Repurposing FDA-approved phytomedicines, natural products, antivirals and cell protectives against SARS-CoV-2 (COVID-19) RNA-dependent RNA polymerase.

作者信息

Kandeel Mahmoud, Kitade Yukio, Almubarak Abdullah

机构信息

King Faisal University, Al-Ahsa, Al-Ahsa, Saudi Arabia.

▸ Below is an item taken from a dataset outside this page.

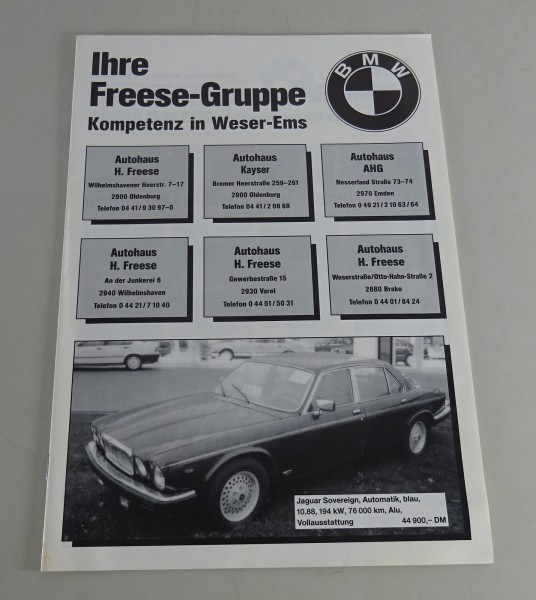 Prospekt / Broschüre BMW Gebrauchtwagen - Prospekt Stand ca. 1990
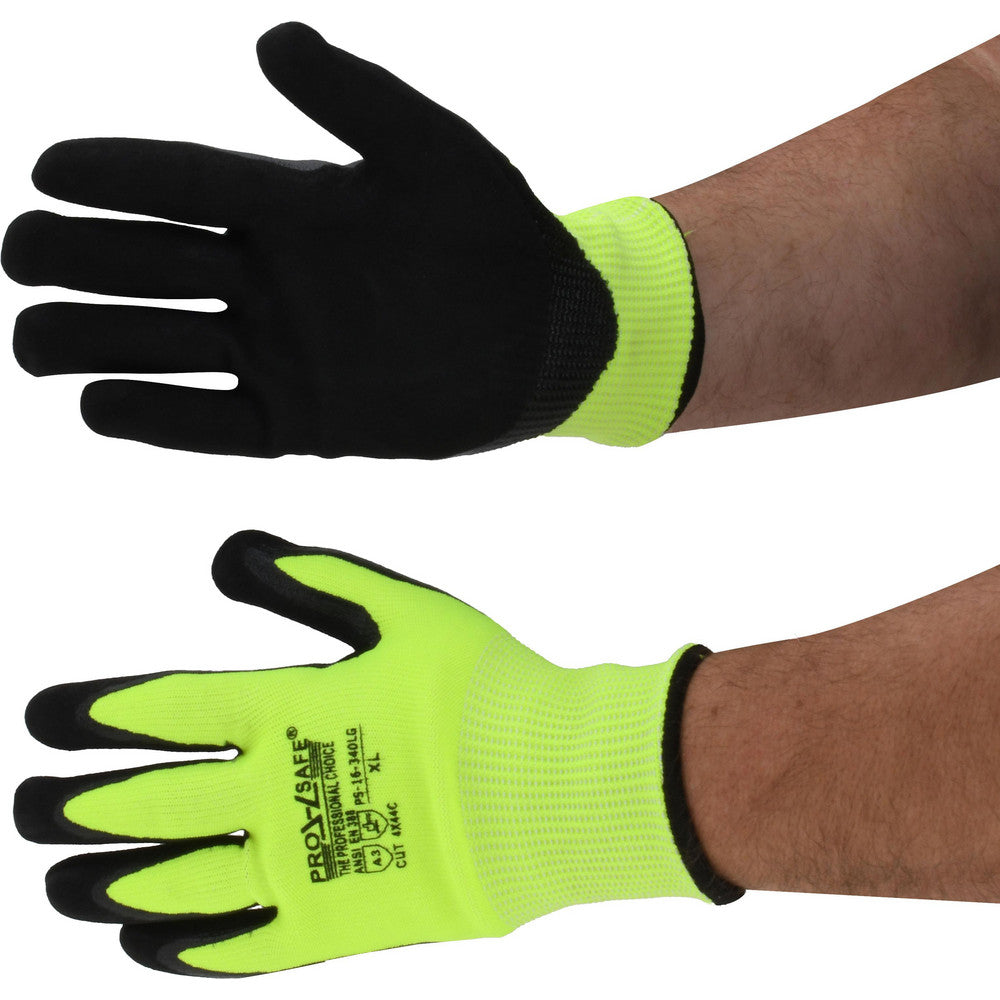PRO-SAFE PS-16-340LG/XL Cut-Resistant Gloves PRO-SAFE G-Tek PolyKor, Size X-Large, ANSI Cut A3, Nitrile, Dyneema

Kafrelshikh University, Kafrelshikh, Kafrelshikh, Egypt.

出版信息

PeerJ. 2020 Nov 30;8:e10480. doi: 10.7717/peerj.10480. eCollection 2020.

DOI:10.7717/peerj.10480
PMID:33335812
原文链接:https://pmc.ncbi.nlm.nih.gov/articles/PMC7713599/
Abstract

Following the recent emergence of SARS-CoV-2 or coronavirus disease 2019 (COVID-19), drug discovery and vaccine design to combat this fatal infection are critical. In this study, an essential enzyme in the SARS-CoV-2 replication machinery, RNA-dependent RNA polymerase (RDRP), is targeted in a virtual screening assay using a set of 1,664 FDA-approved drugs, including sets of botanical and synthetic derivatives. A set of 22 drugs showed a high docking score of >-7. Notably, approximately one-third of the top hits were either from natural products or biological molecules. The FDA-approved phytochemicals were sennosides, digoxin, asiaticoside, glycyrrhizin, neohesperidin, taxifolin, quercetin and aloin. These approved natural products and phytochemicals are used as general tonics, antioxidants, cell protectives, and immune stimulants (nadid, thymopentin, asiaticoside, glycyrrhizin) and in other miscellaneous systemic or topical applications. A comprehensive analysis was conducted on standard precision and extra precision docking, two-step molecular dynamics simulations, binding energy calculations and a post dynamics analysis. The results reveal that two drugs, docetaxel and neohesperidin, showed strong binding profiles with SARS CoV-2 RdRP. These results can be used as a primer for further drug discovery studies in the treatment of COVID-19. This initiative repurposes safe FDA-approved drugs against COVID-19 RdRP, providing a rapid channel for the discovery and application of new anti-CoV therapeutics.

摘要

随着严重急性呼吸综合征冠状病毒2型(SARS-CoV-2)或2019冠状病毒病(COVID-19)的近期出现,研发用于对抗这种致命感染的药物和疫苗至关重要。在本研究中,利用一组1664种美国食品药品监督管理局(FDA)批准的药物,包括植物性和合成衍生物,在虚拟筛选试验中靶向SARS-CoV-2复制机制中的一种关键酶——RNA依赖性RNA聚合酶(RDRP)。一组22种药物显示出高于-7的高对接分数。值得注意的是,约三分之一的顶级命中药物来自天然产物或生物分子。FDA批准的植物化学物质有番泻苷、地高辛、积雪草苷、甘草甜素、新橙皮苷、紫杉叶素、槲皮素和芦荟素。这些已批准的天然产物和植物化学物质用作一般滋补剂、抗氧化剂、细胞保护剂和免疫刺激剂(纳地德、胸腺五肽、积雪草苷、甘草甜素)以及用于其他各种全身或局部应用。对标准精度和超精度对接、两步分子动力学模拟、结合能计算以及动力学后分析进行了全面分析。结果表明,多西他赛和新橙皮苷这两种药物与SARS-CoV-2 RdRP表现出强结合特征。这些结果可作为进一步开展COVID-19治疗药物发现研究的基础。该举措将FDA批准的安全药物重新用于对抗COVID-19 RdRP,为新型抗冠状病毒疗法的发现和应用提供了一条快速通道。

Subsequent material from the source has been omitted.